June 2010, Weight Loss Journal
By Kristen Brooke Beck
Content Updated on
4 June 2010
Weight: 150 (lost 50 lbs. total since begining of journal)
BMI: 26.6
Clothing Size: 12
One year ago I was 174 lbs. Just by going for daily walks and trying to move frequently throughout the day by doing housework and parking far from business entrances, doing strength training while watching TV, and paying attention to what I ate, I got down to 155, but then I couldn't get any lower. Eventually, I started to lose motivation by the lack of progress of both my weight loss and my energy levels. I started finding excuses for not exercising. I started handling my stress by eating... again. And the weight started to creep back on. BUT this time I caught it before it became a problem. This time, I decided it was time to step things up to a new level.
Environment and social groups can have huge influences on your motivation, so I decided to surround myself by people who wanted to get fit and healthy in an environment where there was nothing to do but exercise. I decided to join a gym.

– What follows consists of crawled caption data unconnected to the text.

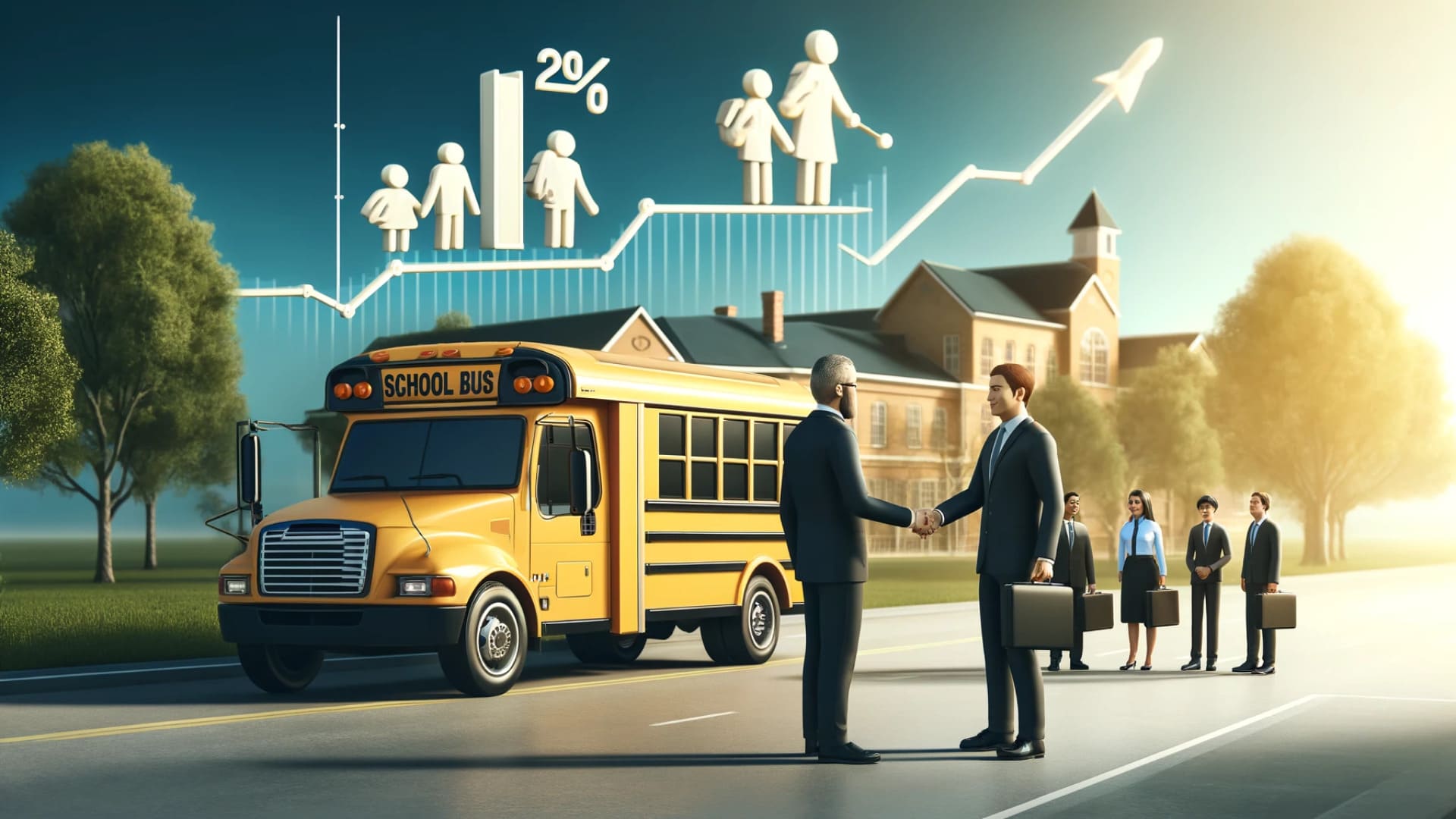 Expanding the School Commute Business by 20% Through Partnership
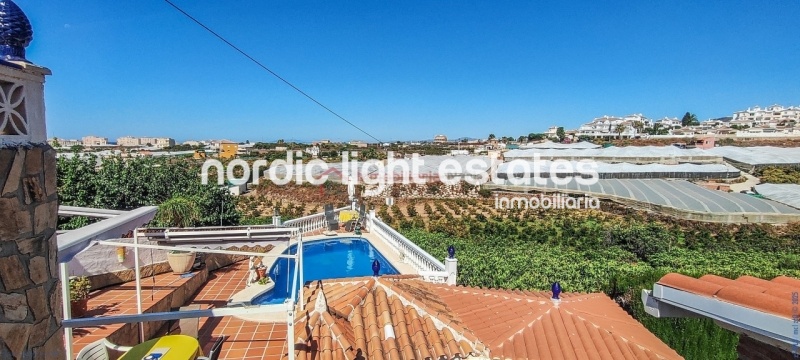 Brillant detached villa with multiple possibilities netween El Peñoncillo and Torrox Park
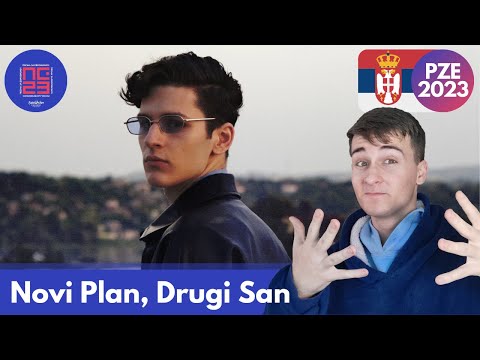 Novi Plan Drugi San - Filip Baloš Reaction | Pesma za Evroviziju Serbia 🇷🇸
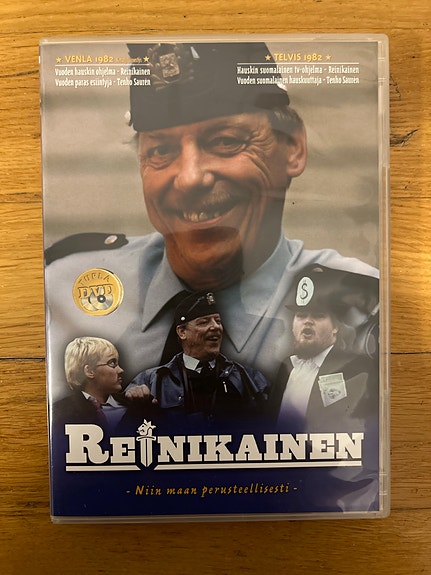 Reinikainen dvd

I went to every gym within a reasonable driving distance to find one that I would enjoy going to. It had to be clean, bright, open, and filled with a variety activities. The people had to be friendly, not just the employees but the patrons, too. The kids program had to be safe and fun. And the price had to be reasonable. I finally found one that met all of my requirements. I agonized over whether or not I should join. Why should I pay money to drive to a building to workout when I can workout at home? Why? Because I wasn't working out at home. I wasn't motivated anymore at home. I was too easily distracted at home. Sure, I could have used a park as my workout location, but I always used the weather as an excuse. I could have worked out with friends, but honestly, I didn't want to go to somebody else's house to exercise either. By joining a gym and paying that monthly fee, I just had to show up to exercise. I had to get my money's worth. And the moment I walk in the door, I'm energized and ready to go.
It has been 2 months since I've joined up. I've worked with a personal trainer (a complementary session) and learned a few new exercises to keep me interested when I get bored. I've loaded up my music player with lots of my favorite songs that I just can't help but want to sing and dance to, so it gets me moving, and I'm sure everyone else gets a laugh out of watching me lipsync to songs only I can hear. I've meet some nice people who talk to me frequently. My children love the kids program and look forward to going. And even my husband became inspired and joined up. But most importantly, I can feel myself getting healthier.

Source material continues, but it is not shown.